● **WHAT TO WORK ON**: Scan the records beneath this line for the line holding "Foresteria Valdese Hotel" and the line holding "Lada (VAZ) 2107, 1.6", then transcribe exactly those two and all lines between.

● **DATA IN THIS EXERCISE**:

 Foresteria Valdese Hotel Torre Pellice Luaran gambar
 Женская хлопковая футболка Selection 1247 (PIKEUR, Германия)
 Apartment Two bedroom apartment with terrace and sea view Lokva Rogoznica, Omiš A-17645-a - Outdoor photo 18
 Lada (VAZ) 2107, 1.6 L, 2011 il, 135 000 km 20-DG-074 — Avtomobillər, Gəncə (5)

==

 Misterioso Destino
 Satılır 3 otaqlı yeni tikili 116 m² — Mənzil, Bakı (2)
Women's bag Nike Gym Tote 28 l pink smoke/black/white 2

● **EXERCISE RESULT**:
 Foresteria Valdese Hotel Torre Pellice Luaran gambar
 Женская хлопковая футболка Selection 1247 (PIKEUR, Германия)
 Apartment Two bedroom apartment with terrace and sea view Lokva Rogoznica, Omiš A-17645-a - Outdoor photo 18
 Lada (VAZ) 2107, 1.6 L, 2011 il, 135 000 km 20-DG-074 — Avtomobillər, Gəncə (5)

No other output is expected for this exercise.